Federal Reserve Chair Janet Yellen told lawmakers Thursday that the central bank is getting close to raising interest rates, as part of a generally upbeat testimony before the Joint Economic Committee in Congress. But as the prospects for a rate hike grow here in the U.S., the European Central Bank is taking the opposite approach.
Thursday, the ECB unveiled its latest measures to stimulate the lagging European economy, partly by cutting its already negative deposit rate to minus 0.3 percent.
If you thought interest rates couldn’t go below zero, so did a lot of economists – until central banks in Denmark, Sweden and Switzerland proved otherwise. For more than a year now, instead of paying interest, the ECB has been charging banks to hold their cash overnight.
“What they’re trying to do is motivate these institutions to lend more to the private sector,” said Bernie Baumohl, chief global economist with the Economic Outlook Group. “Certainly one way to do that is sort of to penalize these banks for having their money simply sit idly.”
There are some signs that it may be working, said Joseph Gagnon, a former Fed economist now with the Peterson Institute for International Economics. Bank loans are growing in Europe again, he said.
“What people point to more than anything is it’s pushing the Euro down, because international investors have gotten out of euros and they’re putting their money in dollars where they can get at least a small positive interest rate instead of a negative rate,” he said.
That is good for European exports. But so far the tactic has not worked well enough for ECB President Mario Draghi. Many were expecting an even larger rate cut Thursday.

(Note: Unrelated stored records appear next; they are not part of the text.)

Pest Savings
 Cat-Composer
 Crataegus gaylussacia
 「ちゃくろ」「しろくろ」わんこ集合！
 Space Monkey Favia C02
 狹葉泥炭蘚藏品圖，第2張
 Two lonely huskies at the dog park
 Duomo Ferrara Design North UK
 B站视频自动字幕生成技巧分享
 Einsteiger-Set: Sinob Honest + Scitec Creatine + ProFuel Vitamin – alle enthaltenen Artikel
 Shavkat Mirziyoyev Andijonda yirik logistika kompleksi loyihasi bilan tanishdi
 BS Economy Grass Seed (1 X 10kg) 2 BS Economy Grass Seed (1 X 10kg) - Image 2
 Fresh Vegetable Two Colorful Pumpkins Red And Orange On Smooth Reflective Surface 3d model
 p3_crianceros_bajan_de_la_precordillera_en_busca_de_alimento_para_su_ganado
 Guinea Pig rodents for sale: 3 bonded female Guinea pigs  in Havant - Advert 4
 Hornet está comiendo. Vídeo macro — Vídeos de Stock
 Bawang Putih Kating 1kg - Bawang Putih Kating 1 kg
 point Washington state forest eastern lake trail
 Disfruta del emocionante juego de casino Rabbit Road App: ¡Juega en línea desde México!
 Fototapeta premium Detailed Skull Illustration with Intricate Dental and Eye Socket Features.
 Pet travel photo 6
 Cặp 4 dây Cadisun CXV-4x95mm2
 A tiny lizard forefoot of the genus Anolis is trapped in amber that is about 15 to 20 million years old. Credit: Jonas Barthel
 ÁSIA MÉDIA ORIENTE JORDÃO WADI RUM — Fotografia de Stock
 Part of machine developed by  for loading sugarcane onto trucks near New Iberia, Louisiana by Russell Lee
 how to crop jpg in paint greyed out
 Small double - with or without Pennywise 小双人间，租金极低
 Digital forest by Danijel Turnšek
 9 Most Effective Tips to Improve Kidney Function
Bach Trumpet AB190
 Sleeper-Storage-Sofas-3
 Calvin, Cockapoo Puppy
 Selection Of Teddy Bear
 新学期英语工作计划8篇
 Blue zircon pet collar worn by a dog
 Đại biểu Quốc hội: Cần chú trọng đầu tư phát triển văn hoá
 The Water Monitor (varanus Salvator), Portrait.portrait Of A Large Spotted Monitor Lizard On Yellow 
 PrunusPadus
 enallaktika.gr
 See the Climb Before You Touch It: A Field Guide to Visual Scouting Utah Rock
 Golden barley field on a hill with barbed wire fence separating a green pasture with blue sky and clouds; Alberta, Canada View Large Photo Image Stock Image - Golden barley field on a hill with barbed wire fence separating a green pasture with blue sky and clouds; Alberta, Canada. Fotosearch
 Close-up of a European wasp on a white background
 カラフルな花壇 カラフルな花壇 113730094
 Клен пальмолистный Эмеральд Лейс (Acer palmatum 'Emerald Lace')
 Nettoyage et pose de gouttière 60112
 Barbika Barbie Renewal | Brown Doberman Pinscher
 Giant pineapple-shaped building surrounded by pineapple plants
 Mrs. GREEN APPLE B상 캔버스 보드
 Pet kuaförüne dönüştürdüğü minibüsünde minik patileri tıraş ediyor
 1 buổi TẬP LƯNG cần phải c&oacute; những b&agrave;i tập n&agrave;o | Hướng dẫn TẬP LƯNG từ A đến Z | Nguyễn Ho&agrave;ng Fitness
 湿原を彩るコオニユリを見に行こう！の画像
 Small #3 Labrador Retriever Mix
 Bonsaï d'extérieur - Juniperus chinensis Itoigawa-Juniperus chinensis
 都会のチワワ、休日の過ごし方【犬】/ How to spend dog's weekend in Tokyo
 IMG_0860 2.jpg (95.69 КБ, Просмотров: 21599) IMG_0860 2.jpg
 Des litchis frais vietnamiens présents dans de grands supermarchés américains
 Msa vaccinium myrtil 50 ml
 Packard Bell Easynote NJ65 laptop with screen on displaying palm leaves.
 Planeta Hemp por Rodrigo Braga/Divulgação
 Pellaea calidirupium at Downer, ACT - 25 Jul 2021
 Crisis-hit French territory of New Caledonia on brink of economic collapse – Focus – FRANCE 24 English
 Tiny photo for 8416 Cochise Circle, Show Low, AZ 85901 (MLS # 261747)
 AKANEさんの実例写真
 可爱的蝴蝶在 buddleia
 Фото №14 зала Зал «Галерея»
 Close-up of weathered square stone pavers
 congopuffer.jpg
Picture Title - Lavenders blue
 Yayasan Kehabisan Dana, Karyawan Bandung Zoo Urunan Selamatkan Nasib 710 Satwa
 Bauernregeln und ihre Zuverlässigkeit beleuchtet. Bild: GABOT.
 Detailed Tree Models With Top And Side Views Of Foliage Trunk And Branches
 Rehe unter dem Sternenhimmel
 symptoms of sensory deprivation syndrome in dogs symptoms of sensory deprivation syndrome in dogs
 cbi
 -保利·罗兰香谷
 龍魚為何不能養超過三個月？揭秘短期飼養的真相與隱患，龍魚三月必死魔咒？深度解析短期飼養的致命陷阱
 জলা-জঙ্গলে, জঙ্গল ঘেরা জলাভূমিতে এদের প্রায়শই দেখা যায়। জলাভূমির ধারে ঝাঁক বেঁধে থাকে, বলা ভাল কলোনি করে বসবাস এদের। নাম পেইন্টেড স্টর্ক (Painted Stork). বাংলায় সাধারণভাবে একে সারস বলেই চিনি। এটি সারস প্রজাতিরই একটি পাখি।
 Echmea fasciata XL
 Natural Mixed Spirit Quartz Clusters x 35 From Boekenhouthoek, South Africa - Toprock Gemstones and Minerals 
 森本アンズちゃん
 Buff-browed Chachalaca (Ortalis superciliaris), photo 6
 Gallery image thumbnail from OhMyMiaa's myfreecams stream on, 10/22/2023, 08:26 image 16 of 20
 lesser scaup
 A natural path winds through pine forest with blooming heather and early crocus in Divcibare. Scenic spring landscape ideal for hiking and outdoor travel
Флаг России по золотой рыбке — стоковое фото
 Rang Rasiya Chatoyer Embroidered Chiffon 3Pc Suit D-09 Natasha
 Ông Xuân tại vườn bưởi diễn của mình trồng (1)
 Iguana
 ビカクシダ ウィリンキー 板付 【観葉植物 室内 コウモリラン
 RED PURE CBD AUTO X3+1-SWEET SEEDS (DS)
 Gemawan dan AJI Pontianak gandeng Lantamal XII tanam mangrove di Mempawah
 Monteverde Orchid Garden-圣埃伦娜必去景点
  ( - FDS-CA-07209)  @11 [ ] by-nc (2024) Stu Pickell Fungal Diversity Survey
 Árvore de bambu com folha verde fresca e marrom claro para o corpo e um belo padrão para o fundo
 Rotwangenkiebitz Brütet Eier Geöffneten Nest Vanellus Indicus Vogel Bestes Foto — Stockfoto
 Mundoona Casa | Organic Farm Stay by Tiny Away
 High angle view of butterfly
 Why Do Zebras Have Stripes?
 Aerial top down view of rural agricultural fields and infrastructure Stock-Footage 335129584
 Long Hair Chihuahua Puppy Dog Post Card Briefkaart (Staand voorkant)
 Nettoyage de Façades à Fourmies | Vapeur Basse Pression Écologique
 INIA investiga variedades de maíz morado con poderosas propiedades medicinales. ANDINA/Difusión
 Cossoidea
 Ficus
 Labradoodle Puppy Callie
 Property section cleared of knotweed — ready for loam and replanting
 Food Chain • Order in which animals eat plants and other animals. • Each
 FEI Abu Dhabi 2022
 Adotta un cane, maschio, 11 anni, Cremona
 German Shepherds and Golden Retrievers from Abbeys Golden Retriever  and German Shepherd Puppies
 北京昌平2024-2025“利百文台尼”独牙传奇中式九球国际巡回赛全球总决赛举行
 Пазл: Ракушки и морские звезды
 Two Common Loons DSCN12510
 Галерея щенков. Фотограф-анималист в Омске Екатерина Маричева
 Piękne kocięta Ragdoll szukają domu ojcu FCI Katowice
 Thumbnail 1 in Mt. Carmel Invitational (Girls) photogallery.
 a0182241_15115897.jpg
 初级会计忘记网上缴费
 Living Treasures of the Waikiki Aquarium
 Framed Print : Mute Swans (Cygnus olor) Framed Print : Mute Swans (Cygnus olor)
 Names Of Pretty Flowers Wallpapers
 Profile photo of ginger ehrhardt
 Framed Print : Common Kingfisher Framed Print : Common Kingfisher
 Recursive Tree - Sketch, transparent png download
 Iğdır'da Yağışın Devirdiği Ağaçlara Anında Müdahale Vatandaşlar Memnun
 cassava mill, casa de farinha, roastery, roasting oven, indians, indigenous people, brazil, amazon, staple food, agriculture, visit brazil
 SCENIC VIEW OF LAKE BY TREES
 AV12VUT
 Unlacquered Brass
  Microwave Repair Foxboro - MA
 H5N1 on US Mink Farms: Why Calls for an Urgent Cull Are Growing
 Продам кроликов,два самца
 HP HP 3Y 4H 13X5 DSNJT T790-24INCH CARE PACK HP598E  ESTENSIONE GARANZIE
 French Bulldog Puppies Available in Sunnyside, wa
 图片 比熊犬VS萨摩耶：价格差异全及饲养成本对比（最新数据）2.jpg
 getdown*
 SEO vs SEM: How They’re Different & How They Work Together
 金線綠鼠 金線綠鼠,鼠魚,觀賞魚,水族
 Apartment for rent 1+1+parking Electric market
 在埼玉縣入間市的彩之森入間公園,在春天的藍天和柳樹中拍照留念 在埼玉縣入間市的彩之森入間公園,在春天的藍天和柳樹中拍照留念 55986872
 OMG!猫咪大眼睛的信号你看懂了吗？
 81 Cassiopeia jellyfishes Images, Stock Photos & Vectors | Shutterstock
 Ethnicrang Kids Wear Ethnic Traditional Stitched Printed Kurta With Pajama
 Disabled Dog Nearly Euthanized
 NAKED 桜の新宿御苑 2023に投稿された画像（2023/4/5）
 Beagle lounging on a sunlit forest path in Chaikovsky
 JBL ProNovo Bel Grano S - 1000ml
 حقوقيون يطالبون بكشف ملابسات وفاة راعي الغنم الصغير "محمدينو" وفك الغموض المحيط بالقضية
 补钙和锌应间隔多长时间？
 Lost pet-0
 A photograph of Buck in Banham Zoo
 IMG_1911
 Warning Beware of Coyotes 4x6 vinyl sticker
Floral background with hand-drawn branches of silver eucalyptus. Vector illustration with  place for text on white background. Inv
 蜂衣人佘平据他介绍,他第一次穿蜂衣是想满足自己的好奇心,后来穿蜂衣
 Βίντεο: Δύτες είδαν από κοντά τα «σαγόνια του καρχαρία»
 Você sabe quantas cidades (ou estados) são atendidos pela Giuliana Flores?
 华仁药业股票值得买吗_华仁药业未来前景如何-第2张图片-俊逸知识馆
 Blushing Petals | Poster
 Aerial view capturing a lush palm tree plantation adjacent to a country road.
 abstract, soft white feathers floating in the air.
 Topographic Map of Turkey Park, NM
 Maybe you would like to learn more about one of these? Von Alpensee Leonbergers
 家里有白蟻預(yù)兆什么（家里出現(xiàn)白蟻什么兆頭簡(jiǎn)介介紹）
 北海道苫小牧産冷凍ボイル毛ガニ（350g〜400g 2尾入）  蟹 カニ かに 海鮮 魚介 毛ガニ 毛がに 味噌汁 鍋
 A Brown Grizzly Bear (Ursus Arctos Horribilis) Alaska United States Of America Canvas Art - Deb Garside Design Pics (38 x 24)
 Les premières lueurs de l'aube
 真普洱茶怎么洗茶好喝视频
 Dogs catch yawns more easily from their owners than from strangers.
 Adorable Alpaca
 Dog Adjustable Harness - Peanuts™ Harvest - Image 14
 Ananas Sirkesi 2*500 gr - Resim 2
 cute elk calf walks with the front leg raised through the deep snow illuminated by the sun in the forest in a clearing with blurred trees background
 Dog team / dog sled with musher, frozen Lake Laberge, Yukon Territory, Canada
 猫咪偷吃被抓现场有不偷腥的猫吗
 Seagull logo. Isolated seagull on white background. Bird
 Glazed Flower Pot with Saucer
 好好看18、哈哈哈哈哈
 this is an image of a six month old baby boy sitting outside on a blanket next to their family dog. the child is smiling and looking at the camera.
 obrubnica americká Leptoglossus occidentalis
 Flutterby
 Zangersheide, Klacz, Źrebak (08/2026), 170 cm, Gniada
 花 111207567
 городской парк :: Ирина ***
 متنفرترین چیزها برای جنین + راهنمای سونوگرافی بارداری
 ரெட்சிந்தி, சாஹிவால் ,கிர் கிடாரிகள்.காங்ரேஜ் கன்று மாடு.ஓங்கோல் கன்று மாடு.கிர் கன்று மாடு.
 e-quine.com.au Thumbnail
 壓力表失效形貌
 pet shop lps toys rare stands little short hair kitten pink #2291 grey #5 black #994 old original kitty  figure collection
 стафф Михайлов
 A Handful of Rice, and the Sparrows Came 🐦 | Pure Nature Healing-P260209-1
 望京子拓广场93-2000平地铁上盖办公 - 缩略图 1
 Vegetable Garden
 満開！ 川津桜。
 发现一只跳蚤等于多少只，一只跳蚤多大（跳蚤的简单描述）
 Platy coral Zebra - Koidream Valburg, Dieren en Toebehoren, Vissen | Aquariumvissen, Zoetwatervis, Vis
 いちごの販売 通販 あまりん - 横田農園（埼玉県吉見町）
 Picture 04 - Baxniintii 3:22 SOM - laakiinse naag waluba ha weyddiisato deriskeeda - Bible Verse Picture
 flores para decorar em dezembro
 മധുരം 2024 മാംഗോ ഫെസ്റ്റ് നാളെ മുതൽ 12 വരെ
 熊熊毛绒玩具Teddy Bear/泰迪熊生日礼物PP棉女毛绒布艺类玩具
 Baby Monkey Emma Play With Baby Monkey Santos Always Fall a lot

The question is, just how negative can rates go.
So far, banks have been reluctant to pass on their costs to regular depositors, said Francesco Papadia, former director general for Market Operations at the European Central Bank with the Bruegel Institute in Brussels.
“This has not reached bank depositors in any significant way as yet, but at a certain point, if this would go on, they would be forced to do it,” Papadia said.
At that point, the mattress at home starts looking like a better option. If customers start pulling their money out of banks in droves, Gagnon said, we’ll have learned how low rates can go.